The Seventh Circuit has made it clear that matters that become part of judicial decision making should, with few exceptions, be open to the public.

Secrecy is fine at the discovery stage, before the material enters the judicial record. But those documents, usually a small subset of all discovery, that influence or underpin the judicial decision are open to public inspection unless they meet the definition or trade secrets or other categories of bona fide long-term confidentiality. Page 4
Baxter International, Inc. v. Abbott Laboratories, 297 F.3d 544, 545 (7th Cir. 2003) (citations omitted).

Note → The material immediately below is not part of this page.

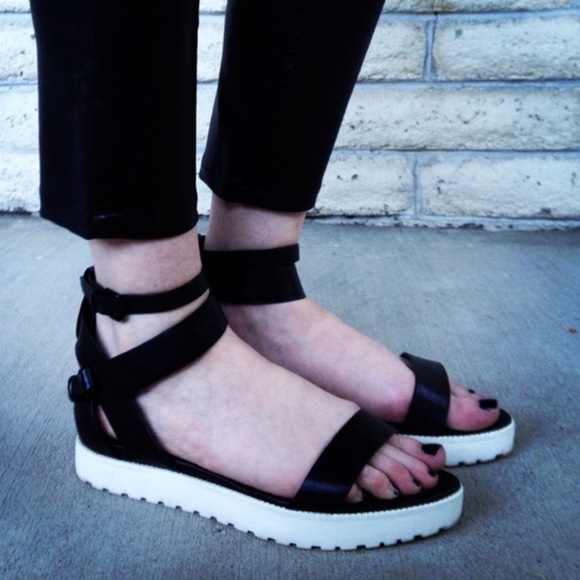 *SOLD* Alexander Wang black leather "Jade" sandals - Picture 3 of 4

Continuing to hold under seal the Settling Defendants' memorandum and materials in support of the motion for preliminary approval and the 9-M Intervenors' memorandum in opposition is contrary to that principle. It further appears that the only highly confidential material asserted in support of or opposition to the preliminary approval is Union Pacific's answer to the question or questions concerning the length of right of way occupied by the AT&T cable that also has cable installed by another company. (Settling Defendants' Memorandum at 6-7; 9-M Intervenors' Memorandum at 17.) It is not clear why this is "highly confidential" information, but it hardly seems to justify sealing of the entire filing in this very public matter. Also, the confidential nature of this information may have been waived by its use during the public hearings on the motion for preliminary approval. Furthermore, under the Seventh Circuit's Internal Operating Procedure 10, every document filed in the Seventh Circuit is in the public record, whether or not sealed in the district court, unless a judge of the Seventh Circuit orders it to be sealed or is required to be sealed by statute or a rule of procedure.

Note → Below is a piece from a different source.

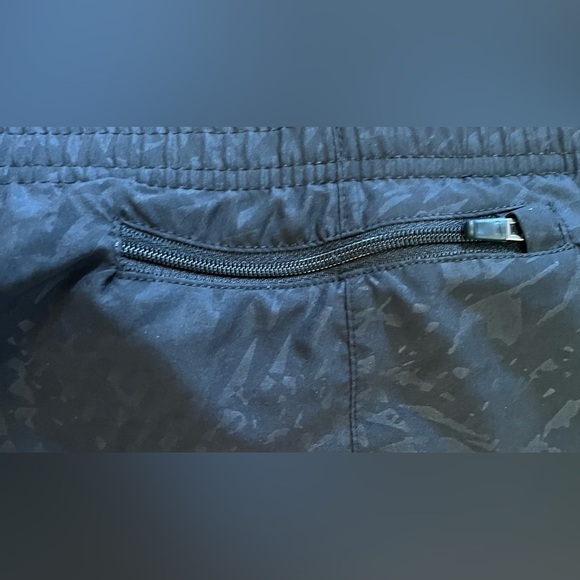 Nwt nike running shorts women sz large drifit - Picture 6 of 9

Therefore, it is further ordered as follows: The papers filed under seal in this case relating to the Motion for Preliminary Approval of Amended Settlement, [dkt ## 348, 401, 352, 353, 372, 374, 375, 376, 377, 387 and 388], shall be unsealed and placed in the public record. This part of the order only is stayed for 10 days in order to allow any affected party to petition the court for specific relief from this part of the order.